Room at the Inn
“Thank you. That’s very generous.”
The comment earned her a sideways smirk—the smirk she thought of as his spinster smile, since he saved it for when she said something that came out particularly old-maidenish.
It wasn’t her fault. It was tricky trying to figure how to be with him. He was hardly a stranger, but she knew only one way to treat him other than icy. It wasn’t an option.
Meanwhile, all the pretending was wearing on her. Pretending not to hear him walking in her hallways, not to notice his damp towel hung over the towel rod in his room. Not to be thinking about his body, stripped and wet.
Pretending that she was here to serve him breakfast and change his sheets, and that she didn’t want to talk to him or see him smile, to tackle him in the hallway and roll around on the floor with him until she was wet and panting and out of her mind.
“You always run the bake sale?” he asked.
“Always.”
“And you spend Sunday mornings doing the Methodist breakfast.”
“Yep.”
“And organize the volunteers for the hospital gift shop.”
“Yeah.”
Carson smiled that wide, crooked grin of his, and her stomach filled up with adorable cartoon grasshoppers, springing around on their grasshopper feet. “Taken over any more of my mom’s jobs?”

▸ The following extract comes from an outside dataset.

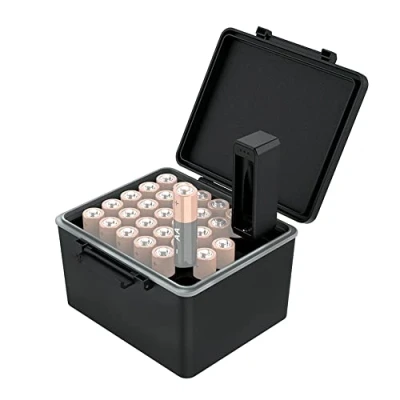 Immagine di JJC 28 slot AA Batteria Organizer Custodia con Tester Batteria, Scatola Organizzatrice di Batterie Resistente All&#039;acqua per Staccabile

She had. She’d taken over almost all of them at one point or another in the past five years, as Glory’s health declined. He probably thought that was old-maidenish, too, or weird, or unnecessary. Julie was the youngest person on every board she belonged to, and the only outsider. Why don’t you just write a check? her mother would ask.

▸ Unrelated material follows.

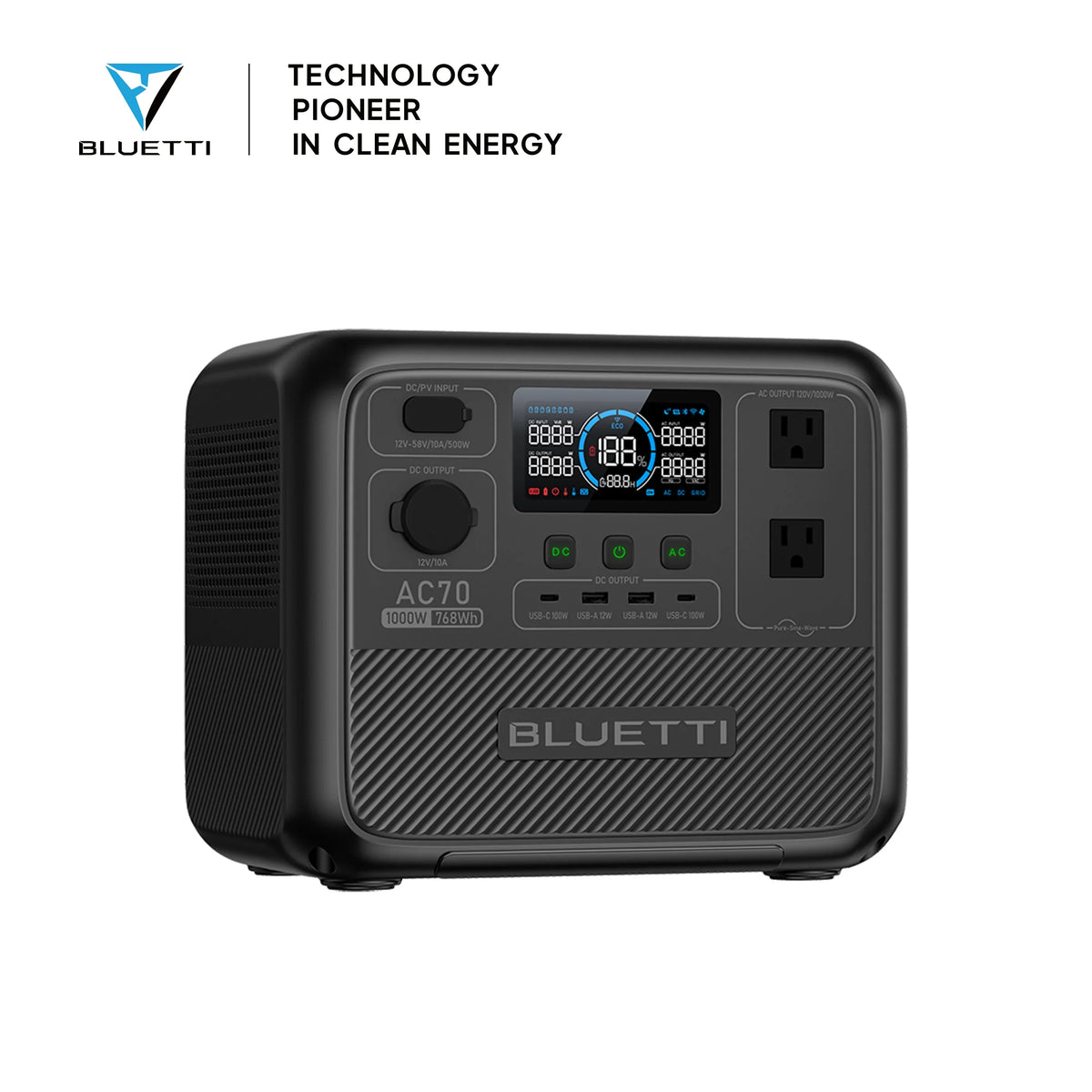 BLUETTI AC70 Portable Power Station | 1000W 768Wh, Generator for Road Trip, Off- - VOLTMAN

But she appreciated having been given so many ways to belo
ng. Growing up, she’d felt like she was supposed to become nothing more than a polished, unemotional set of accomplishments to be admired or envied by others. As though society were nothing but a collection of individuals, preening for one another. Her parents weren’t bad people, but their way of life felt so lacking to her. When she moved to Potter Falls, she’d wanted nothing more than to be one of a group, pulling together toward a common goal. Ordinary. Useful.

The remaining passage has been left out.